More than being neutral and meritorious, being colorblind means that we choose not to see the advantages white people have relative to black people. It means that we choose not to acknowledge the ways in which recent history limited the opportunities and possibilities for minority populations. Colorblindness also means that we ignore the realities that black people face in terms of systematic discrimination that dates back to times when discrimination was legal. Ultimately, it is a way to discredit claims of racial discrimination and the existence of disparate impacts from our policies and systems.

Racial Discrimination Today

“We have not ended racial caste in America; we have merely redesigned it,” Michelle Alexander writes in her book The New Jim Crow. Alexander focuses on our nation’s criminal justice system, its shortfalls, and how racial disparities exist within a system that is supposed to be colorblind. Early on in the book she writes about discrimination against criminals and compares todays discrimination against criminals to historical discrimination against black people. She writes,

“In the era of colorblindness, it is no longer socially permissible to use race, explicitly, as a justification for discrimination, exclusion, and social contempt. So we don’t. Rather than rely on race, we use our criminal justice system to label people of color “criminals” and then engage in all the practices e supposedly left behind. Today it is perfectly legal to discriminate against criminals in nearly all the ways that it was once legal to discriminate against African Americans.”
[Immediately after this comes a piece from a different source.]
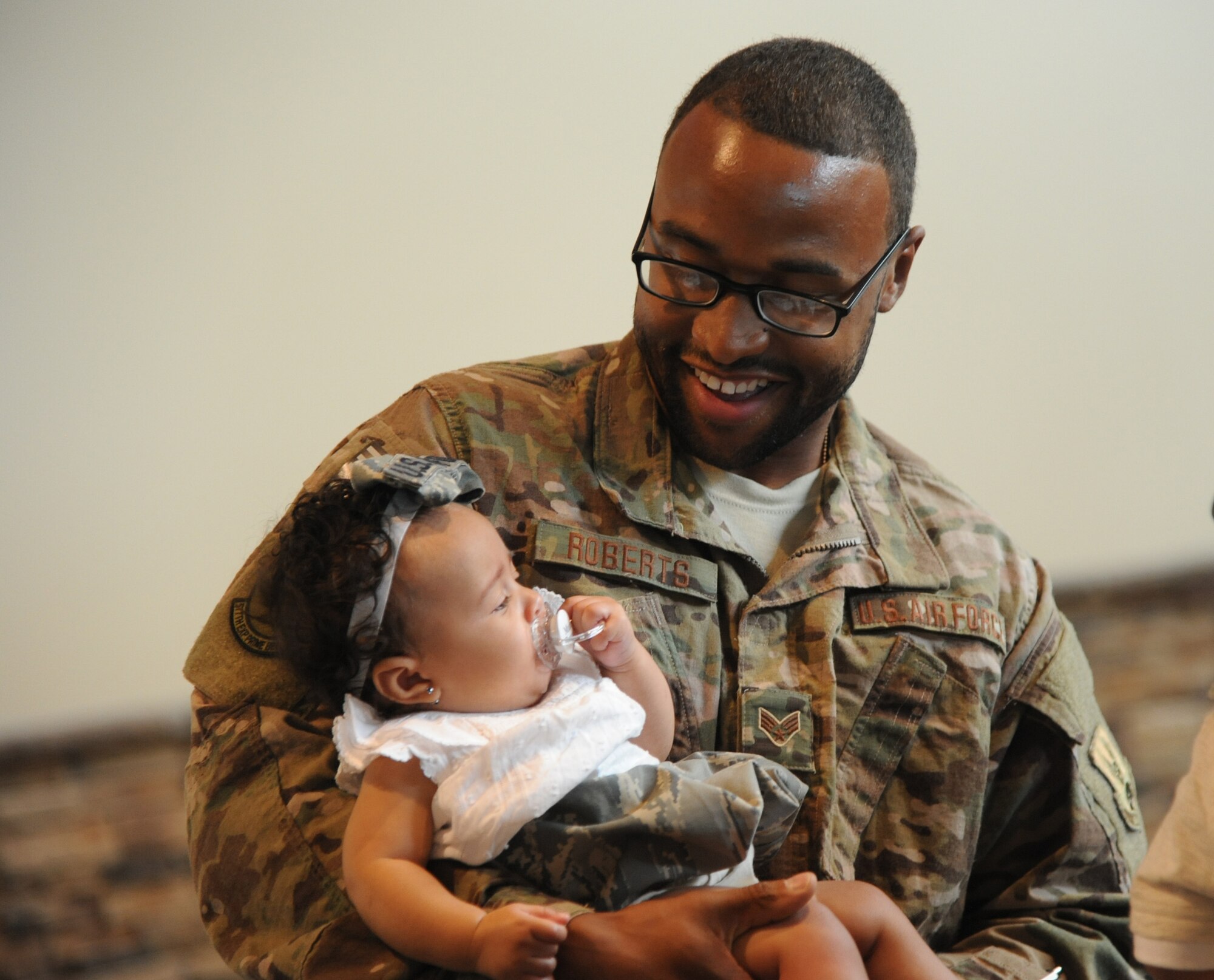 Senior Airman Clearion Roberts, a member of the 341st Civil Engineer Squadron deployed to Southwest Asia, holds his child for the first time at Great Falls International Airport, Great Falls, Mont., July 22. Sixteen members from 341 st CES returned home after a six-month deployment. (U.S. Air Force photo/Airman 1st Class Joshua Smoot)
Alexander’s quote shows the challenges we face today in a time with less explicit racism and fewer individually racist people. People themselves may make racist jokes in the company of friends, but outward displays of racism are rare. This gives us all the sense that racism is no longer a major factor in our lives and it allows us to feel that we have overcome a great challenge in treating people more equally in this country. What we miss when we focus only on explicit racism and individual level actions are the factors that comprise larger parts of our institutions and norms.

Our criminal justice system disproportionally impacts the lives of hispanic and black people. We arrest minorities at a far greater level than we arrest white people, even though levels of drug use and crime are similar among white, black, and latino people. The result of disproportionate arresting is that white people are allowed to move beyond their mistakes and crimes and can build wealth, while people of color are haunted by their crimes and face discrimination in areas like employment, housing, and financial investing. Pretending that the system is equal because we don’t outwardly express racism hides the fact that our system is entrenched in racism and hides the structural and institutional ways in which racism has shaped our society and created disparate outcomes for people based on race. Because these issues go beyond individuals, we must work to change entire systems and policies to move beyond the current outputs of the system. Changing who we arrest is one step, but we must also shift housing and development policies, and changing housing and development requires that we take a new look at those we label as criminals. Ultimately, it requires that we look at those around us as human beings first, and look at criminal history in a new light. Moving to a point where outward displays of racism are not acceptable is good start, but we need to move forward to a point where we acknowledge the disparate impacts our society has accepted.